Psychology and Science

Prior to the 1960s, attempts to understand how science works were primarily considered to be within the domain of the philosophy of science. Since Thomas Kuhn’s classic publication of The structure of scientific revolutions, it has become increasingly apparent that in the natural sciences there is a substantial discrepancy between any type of purely philosophical reconstruction of how science takes place and the reality of scientific practice in the real world.Thus there is a general recognition that the practice of science can and should be studied in same way that science itself studies other areas.This naturalistic approach to understanding the nature of science has been contributed to in significant ways by historians, anthropologists [4], sociologists, and philosophers [5]. Psychologists have been conspicuously absent in this field of study, with one important exception. Michael Mahoney (whose work I mentioned earlier in this essay) published a book on the topic in 1976 titledScientist as subject: The psychological imperative.

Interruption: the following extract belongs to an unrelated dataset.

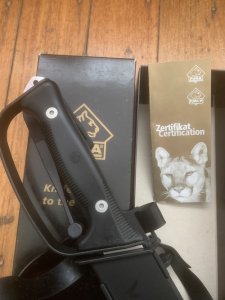 Puma Knife: Puma Original 2008 FROGMAN 13 6300 in Original Sheath and Box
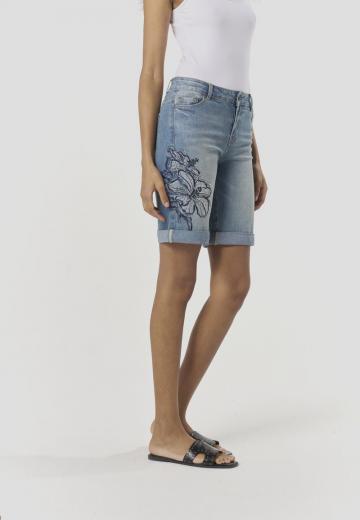 Джинсовые шорты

There is an emerging consensus in both contemporary philosophy and in the field of science studies, that the practice of science is best understood as an ongoing conversation between members of a scientific community who attempt to persuade one another of the validity of their positions. Evidence plays an important role in this conversation, but this evidence is always subject to interpretation. The data do not “speak” for themselves, but are viewed from the perspective of a particular lens to begin with and are woven into narratives that stake out positions. [6][7]

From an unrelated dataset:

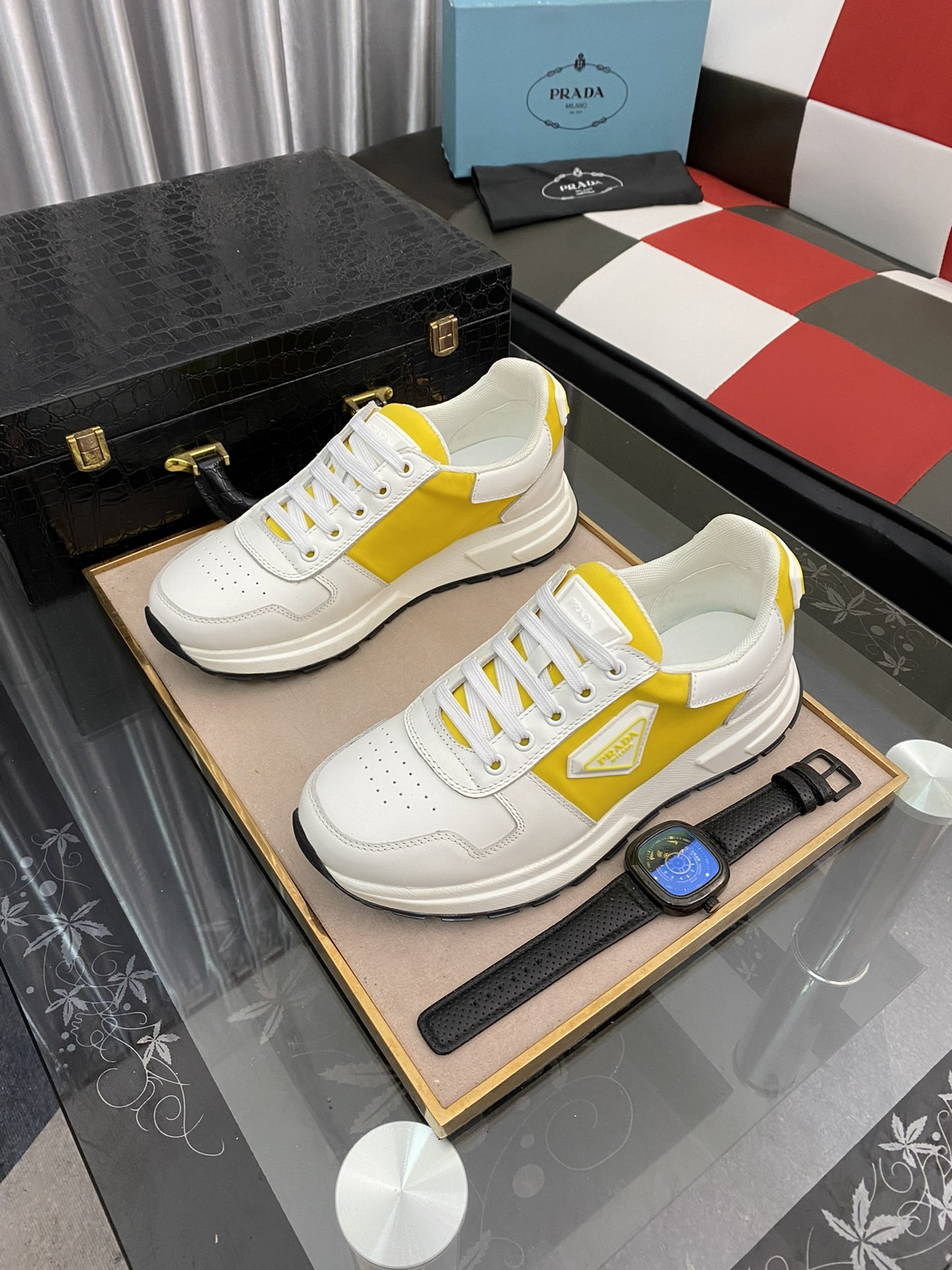 Prada Low Top sneaker 9 - vstockx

Research methodology in mainstream psychology is shaped, broadly speaking, by a combination of neo-positivist and falsificationist philosophies that were developed prior to the naturalistic turn in science studies. [8] [9] In this essay I have been making the case that some of the more important aspects of research activity in psychology take place behind the scenes, and consequently are not part of the published record. Researchers in psychology mine their data to search for interesting patterns, they experiment with trial and error procedures in order to produce compelling demonstrations of phenomena, and they selectively ignore inconvenient findings in order to make their cases. The idea that formulating hypotheses and collecting data take place in a linear and sequential fashion is an idealized portrayal of what happens in psychology research, quite distinct from what happens on the ground. In practice, data analysis and theory formulation are more intertwined in nature.

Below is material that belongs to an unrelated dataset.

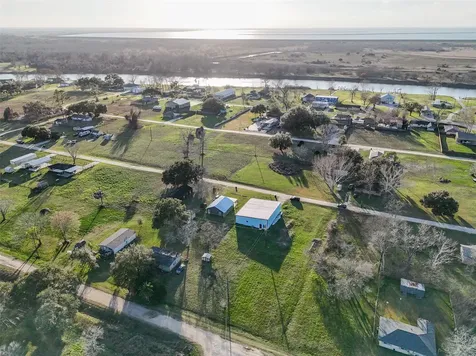 83 Elizabeth Drive Bay City TX 77414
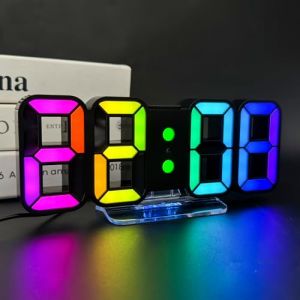 Seutgjie Horloge Murale Numérique Digitale Réveil Lumineux LED 14 RGB Couleur 12/24 Heures Mode Veille avec Télécommande Décoration Bureau Gaming Chevet Noir (Seutgjie EU, neuf)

I hope it is clear that I am not arguing that the recent evidence regarding the “replication problem” in psychology is a serious blow to the field, nor am I arguing against the “scientific method” in psychology. I am arguing, rather, that it is important for psychologists to adapt a reflexive stance on the field that encourages them to study the way in which research really takes place, as well as those factors, oftentimes operating underground, that contribute to important developments in the field. Whether or not psychology is classified as a “science” has more to do with the politics of credibility claims than with the question of what is most likely to advance knowledge in the field. Unfortunately, some prevailing disciplinary standards actually obstruct the momentum of the field: if we produce literature that reinforces an outmoded idealized notion of what science is, we prevent its becoming what it can be. Educating psychology graduate students in post-Kuhnian developments in the philosophy of science as well as contemporary naturalistic science studies (both ethnographic and historical) is every bit as important as teaching them conventional research methodology, and I believe that future psychologists will need backgrounds in both if they are going to have a progressive impact on the development of mainstream psychology.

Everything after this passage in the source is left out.